Their assessments of his progress development and from fiscalscenarios and consequences electionsthe possibility of restoring investment grade and new Stability program governments are analyzed in a flurry of reports, 10 days before the polls, Morgan Stanley, Goldman Sachs and the Fitch ratings agency. The general consensus is that elections are a factor of uncertainty that may slightly delay the investment phase, but will not interrupt it. In addition, Greece will see stronger growth than the rest. Eurozonewill continue to improve its financial position, even if Fitch considers some of the Stability Program estimates to be rather optimistic.
In terms of the political landscape, both Morgan Stanley and Goldman Sachs believe there will most likely be a two-round election under election law. Goldman even claims that N.D. he may be motivated to run a runoff to get enough seats to build his confidence or at least gain more power in a possible governing coalition. According to the same, however, government cooperation with PASOK this is unlikely as the leaders of the two parties have emphasized their differences. According to him, only if PASOK receives strong electoral support, a government of cooperation between the two parties is possible. For its part, Morgan Stanley notes that, according to the latest polls, the most likely scenarios “show” the New Democracy government either alone or in cooperation with PASOK after the second election, while cooperation between SYRIZA and PASOK seems possible but less likely.
“In any case, with Recovery Fund to keep many key reforms under control until 2026, it is unlikely that there will be any significant policy changes after the elections,” he emphasizes.
Update
According to Morgan Stanley, the election is actually moving investment levels (quite) to a later date. While Greece is well on track to do so, rating agencies will wait until political uncertainty subsides before reviewing the country’s credit rating, he notes, which will take time. Thus, he maintains his view that Greece will be able to achieve this in the first half of 2024, however he sees the possibility that this “milestone” will be restored earlier, in the second half of 2023, if there are positive surprises from the development front. Goldman Sachs notes that the results of the general election will be essential to accelerate the implementation of the Recovery Fund and ensure long-term growth through capital accumulation.
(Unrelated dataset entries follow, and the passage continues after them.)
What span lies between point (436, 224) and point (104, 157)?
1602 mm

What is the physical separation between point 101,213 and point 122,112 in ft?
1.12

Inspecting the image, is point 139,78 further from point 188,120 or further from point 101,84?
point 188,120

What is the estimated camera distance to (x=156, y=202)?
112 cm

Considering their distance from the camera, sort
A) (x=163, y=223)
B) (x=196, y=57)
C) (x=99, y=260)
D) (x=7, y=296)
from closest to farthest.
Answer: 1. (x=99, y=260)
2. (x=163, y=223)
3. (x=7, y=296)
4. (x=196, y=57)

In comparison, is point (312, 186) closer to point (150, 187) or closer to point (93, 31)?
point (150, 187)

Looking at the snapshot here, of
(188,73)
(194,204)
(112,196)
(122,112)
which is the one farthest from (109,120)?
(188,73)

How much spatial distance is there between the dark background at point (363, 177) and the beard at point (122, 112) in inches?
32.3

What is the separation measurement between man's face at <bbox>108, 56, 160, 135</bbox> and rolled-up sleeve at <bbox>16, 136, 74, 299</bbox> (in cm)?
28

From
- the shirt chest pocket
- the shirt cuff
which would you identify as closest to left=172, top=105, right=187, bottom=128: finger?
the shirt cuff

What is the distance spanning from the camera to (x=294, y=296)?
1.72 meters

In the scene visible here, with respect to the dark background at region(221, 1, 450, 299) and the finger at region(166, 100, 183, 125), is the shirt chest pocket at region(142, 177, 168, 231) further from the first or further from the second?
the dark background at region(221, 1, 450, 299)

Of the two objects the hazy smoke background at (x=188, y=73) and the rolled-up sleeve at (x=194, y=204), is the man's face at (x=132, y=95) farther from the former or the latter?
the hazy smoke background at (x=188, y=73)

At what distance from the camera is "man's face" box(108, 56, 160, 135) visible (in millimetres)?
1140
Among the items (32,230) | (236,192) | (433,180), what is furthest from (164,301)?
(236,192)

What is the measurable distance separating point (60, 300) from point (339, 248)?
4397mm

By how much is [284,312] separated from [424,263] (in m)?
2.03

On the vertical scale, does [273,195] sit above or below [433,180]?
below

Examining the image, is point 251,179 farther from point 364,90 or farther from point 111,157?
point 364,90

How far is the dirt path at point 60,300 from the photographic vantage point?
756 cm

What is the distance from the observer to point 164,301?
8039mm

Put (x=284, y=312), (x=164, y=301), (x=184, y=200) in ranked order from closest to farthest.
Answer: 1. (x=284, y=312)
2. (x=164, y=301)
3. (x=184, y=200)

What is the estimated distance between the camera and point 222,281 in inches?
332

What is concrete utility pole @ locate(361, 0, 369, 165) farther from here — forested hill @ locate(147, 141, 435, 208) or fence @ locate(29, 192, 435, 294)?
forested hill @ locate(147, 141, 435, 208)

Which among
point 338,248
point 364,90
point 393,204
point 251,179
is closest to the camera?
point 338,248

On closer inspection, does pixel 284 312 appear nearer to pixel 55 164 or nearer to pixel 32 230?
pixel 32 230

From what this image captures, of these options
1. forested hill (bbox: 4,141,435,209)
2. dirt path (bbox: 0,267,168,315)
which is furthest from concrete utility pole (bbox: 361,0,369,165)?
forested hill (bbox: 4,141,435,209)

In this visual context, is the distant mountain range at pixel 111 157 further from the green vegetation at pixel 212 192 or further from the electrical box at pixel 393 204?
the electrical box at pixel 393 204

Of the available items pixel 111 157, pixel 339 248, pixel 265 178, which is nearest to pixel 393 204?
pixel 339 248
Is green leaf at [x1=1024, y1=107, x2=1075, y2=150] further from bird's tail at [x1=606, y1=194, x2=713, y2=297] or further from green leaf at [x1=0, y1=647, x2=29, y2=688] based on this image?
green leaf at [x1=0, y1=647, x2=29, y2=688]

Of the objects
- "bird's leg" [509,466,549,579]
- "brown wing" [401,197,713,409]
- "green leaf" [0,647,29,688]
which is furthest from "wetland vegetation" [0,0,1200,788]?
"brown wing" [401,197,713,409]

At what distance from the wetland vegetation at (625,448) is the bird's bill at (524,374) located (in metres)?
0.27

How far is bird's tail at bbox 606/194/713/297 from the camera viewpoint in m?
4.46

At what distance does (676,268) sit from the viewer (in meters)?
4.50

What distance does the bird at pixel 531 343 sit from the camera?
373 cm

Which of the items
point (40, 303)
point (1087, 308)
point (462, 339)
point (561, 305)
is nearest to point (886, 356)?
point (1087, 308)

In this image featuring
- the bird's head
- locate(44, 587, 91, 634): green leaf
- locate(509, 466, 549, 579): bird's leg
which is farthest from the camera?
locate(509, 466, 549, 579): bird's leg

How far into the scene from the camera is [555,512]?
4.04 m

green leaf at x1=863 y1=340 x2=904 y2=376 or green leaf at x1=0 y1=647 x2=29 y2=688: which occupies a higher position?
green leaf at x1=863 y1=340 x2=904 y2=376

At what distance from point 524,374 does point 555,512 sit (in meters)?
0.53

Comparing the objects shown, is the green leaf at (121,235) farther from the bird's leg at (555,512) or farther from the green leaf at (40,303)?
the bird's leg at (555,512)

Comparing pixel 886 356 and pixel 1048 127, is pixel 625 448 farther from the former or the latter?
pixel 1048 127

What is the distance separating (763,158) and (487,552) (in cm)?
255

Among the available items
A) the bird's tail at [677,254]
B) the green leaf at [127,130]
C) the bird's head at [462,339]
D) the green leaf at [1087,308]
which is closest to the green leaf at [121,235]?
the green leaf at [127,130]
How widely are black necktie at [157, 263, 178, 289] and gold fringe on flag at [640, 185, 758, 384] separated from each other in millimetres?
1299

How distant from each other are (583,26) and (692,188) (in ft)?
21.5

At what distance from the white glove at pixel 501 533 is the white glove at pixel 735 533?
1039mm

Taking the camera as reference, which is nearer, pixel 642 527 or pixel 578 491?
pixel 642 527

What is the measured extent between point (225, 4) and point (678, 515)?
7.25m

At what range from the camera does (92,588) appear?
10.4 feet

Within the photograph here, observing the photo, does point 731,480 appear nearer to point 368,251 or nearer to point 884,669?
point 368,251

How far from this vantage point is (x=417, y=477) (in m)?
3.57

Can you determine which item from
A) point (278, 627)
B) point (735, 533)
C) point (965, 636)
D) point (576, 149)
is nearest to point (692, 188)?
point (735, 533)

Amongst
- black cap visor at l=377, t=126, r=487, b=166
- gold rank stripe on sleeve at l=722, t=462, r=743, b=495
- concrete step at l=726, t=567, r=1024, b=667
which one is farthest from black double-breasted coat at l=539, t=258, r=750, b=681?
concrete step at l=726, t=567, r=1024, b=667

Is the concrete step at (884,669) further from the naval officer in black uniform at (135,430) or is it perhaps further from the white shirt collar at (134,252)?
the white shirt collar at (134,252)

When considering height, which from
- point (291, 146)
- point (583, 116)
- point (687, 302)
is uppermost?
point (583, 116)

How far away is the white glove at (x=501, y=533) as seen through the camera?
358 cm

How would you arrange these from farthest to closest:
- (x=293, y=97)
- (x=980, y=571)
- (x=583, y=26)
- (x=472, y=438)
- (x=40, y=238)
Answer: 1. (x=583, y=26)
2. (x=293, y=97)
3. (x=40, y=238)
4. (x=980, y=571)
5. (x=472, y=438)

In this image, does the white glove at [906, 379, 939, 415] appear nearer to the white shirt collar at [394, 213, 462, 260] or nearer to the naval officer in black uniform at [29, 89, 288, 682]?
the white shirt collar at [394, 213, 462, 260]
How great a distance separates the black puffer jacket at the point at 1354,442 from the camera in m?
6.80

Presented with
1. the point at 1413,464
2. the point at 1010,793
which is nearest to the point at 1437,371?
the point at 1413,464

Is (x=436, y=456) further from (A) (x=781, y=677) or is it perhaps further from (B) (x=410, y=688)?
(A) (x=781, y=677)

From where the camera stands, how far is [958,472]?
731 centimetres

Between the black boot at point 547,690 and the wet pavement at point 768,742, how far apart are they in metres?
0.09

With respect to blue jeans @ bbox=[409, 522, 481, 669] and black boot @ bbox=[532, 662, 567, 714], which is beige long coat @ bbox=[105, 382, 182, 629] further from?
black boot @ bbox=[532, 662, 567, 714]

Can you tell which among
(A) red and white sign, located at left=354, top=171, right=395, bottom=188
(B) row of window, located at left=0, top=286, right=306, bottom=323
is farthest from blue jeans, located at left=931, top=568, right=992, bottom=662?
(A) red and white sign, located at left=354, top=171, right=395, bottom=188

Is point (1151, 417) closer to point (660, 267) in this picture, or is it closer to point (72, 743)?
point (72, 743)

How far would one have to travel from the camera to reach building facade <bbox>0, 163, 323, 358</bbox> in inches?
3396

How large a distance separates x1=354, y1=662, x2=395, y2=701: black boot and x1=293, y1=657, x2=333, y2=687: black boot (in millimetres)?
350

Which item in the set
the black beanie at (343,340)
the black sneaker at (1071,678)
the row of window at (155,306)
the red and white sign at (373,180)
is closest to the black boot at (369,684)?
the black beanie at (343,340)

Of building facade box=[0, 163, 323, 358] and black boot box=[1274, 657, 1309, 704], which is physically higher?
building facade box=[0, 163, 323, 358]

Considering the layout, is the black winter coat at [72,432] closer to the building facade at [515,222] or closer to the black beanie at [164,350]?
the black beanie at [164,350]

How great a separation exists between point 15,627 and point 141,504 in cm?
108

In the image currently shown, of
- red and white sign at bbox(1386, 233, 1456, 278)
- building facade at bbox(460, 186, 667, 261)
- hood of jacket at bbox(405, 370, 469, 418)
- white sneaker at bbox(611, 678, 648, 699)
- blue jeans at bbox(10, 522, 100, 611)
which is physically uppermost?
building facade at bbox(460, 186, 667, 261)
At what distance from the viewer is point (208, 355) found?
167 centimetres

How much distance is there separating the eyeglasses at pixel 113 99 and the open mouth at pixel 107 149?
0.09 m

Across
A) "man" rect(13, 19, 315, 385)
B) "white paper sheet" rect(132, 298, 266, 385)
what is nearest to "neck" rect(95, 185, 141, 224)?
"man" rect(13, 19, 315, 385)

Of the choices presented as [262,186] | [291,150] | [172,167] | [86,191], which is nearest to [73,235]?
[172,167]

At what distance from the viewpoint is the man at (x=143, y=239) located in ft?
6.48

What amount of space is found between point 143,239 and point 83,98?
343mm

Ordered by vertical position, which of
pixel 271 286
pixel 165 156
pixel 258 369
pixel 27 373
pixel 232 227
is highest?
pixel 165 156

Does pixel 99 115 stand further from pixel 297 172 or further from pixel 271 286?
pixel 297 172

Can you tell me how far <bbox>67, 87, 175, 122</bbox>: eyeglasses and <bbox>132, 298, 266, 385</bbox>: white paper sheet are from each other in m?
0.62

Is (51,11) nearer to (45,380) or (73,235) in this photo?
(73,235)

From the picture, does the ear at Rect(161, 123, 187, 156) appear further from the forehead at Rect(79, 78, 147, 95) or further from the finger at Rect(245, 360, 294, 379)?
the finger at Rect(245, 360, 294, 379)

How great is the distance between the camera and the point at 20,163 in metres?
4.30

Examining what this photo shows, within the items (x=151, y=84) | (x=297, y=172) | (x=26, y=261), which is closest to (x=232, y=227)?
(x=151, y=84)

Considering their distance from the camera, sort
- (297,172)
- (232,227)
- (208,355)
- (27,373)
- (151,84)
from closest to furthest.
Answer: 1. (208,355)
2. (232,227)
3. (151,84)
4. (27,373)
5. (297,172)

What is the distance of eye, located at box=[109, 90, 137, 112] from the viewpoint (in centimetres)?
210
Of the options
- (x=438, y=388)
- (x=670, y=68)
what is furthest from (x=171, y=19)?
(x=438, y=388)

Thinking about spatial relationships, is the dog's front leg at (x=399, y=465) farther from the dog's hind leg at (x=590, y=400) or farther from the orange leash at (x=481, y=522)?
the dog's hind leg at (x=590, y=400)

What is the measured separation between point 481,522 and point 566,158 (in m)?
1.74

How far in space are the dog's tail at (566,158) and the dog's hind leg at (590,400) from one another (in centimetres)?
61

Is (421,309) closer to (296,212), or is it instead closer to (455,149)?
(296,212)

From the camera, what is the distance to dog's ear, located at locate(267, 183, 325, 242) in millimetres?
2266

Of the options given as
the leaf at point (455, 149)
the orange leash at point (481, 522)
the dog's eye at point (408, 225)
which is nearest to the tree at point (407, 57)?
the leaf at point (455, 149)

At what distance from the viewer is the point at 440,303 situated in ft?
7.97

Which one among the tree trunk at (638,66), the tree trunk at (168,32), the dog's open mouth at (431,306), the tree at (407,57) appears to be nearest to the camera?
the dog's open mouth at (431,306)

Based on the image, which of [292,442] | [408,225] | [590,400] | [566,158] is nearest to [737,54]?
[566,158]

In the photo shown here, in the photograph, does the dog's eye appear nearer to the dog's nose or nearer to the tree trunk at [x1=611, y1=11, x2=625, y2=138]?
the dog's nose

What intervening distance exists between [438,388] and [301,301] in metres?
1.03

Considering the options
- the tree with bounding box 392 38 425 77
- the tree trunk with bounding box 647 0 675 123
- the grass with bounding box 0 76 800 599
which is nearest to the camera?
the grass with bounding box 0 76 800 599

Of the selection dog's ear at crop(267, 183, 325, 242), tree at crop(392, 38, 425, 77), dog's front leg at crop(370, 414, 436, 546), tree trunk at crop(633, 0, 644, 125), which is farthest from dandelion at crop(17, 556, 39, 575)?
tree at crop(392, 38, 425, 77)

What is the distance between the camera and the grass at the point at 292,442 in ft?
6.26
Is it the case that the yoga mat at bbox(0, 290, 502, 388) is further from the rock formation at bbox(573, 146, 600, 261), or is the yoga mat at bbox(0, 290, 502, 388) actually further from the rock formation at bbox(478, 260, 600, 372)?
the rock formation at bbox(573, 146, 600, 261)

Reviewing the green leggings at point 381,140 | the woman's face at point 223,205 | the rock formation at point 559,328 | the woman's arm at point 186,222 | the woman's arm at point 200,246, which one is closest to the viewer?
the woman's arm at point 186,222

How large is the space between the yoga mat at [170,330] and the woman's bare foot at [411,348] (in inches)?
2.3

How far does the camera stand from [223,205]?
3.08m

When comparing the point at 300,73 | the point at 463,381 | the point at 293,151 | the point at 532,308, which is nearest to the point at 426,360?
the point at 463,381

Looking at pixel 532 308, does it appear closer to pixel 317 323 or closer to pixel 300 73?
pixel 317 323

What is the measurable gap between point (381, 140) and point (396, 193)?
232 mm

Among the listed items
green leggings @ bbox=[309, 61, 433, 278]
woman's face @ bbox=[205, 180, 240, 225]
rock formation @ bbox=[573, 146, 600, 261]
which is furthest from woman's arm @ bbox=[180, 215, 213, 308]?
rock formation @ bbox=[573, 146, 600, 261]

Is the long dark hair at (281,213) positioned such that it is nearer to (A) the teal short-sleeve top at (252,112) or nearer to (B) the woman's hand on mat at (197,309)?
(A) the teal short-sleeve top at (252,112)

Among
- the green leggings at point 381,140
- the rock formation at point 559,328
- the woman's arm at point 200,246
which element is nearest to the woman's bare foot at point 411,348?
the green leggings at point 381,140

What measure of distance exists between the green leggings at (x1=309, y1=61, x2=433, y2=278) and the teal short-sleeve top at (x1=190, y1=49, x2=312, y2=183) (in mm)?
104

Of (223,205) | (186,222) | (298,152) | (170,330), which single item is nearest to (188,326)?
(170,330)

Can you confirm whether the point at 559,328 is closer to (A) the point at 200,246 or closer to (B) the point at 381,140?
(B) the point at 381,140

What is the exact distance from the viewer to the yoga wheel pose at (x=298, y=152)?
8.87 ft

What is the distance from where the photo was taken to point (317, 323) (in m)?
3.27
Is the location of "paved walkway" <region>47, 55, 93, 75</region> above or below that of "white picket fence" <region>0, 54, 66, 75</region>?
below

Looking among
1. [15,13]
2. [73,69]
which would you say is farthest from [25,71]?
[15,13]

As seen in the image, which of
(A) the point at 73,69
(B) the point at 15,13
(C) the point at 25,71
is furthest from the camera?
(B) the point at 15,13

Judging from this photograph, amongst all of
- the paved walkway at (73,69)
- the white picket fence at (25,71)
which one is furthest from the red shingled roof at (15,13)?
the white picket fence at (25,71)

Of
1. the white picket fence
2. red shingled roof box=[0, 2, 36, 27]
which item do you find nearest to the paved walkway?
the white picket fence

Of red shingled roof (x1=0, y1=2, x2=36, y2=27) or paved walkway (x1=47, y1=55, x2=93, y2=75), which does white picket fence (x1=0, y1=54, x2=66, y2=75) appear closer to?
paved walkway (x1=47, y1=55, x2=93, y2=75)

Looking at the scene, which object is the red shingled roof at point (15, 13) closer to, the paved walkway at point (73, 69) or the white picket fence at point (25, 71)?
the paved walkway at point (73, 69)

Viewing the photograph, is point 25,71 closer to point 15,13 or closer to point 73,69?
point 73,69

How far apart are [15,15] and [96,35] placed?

“The convincing implementation of the Recovery Fund to promote and facilitate the structural transformation of the economy is likely to be the last step for Greek government bonds to restore the investment grade rating,” as it usually says.
Stability program
The houses are also dedicated to the Stability Program recently introduced by the Greek government. commission. Goldman emphasizes that the program is an ambitious plan to further reduce the debt-to-GDP ratio by almost 10% annually over the next three years. In the stress test conducted, even under the worst-case scenario, with a 1% growth shock and a 100 bps widening of the Greek spread, deviations from this fiscal trajectory predicted by the program are small, as it emphasizes. , with index debt growing by just 5% by 2030.
The program is optimistic in some projections, not taking into account pre-election advantages, Fitch notes. However, it confirms the view that the debt ratio will continue to decline over the medium term and highlights the broad commitment to financial prudence. Specifically, it says that fiscal projections could turn out to be optimistic, and this is partly because the 2.3% growth estimate for this year is largely due to an expected increase in investment, which contributes 1.8% to GDP. Fitch also notes that a prolonged political cycle could result in delayed payments from the Recovery Fund, negatively impacting growth.
The fiscal projections also do not take into account fiscal measures announced before the elections of 0.1% of GDP in 2024 and 0.3% in 2025 and 2026, Fitch adds. At the same time, he emphasizes that he expects a slower decline in the debt ratio over the medium term and is unlikely to fall to 135.2% in 2026, as envisaged in the program.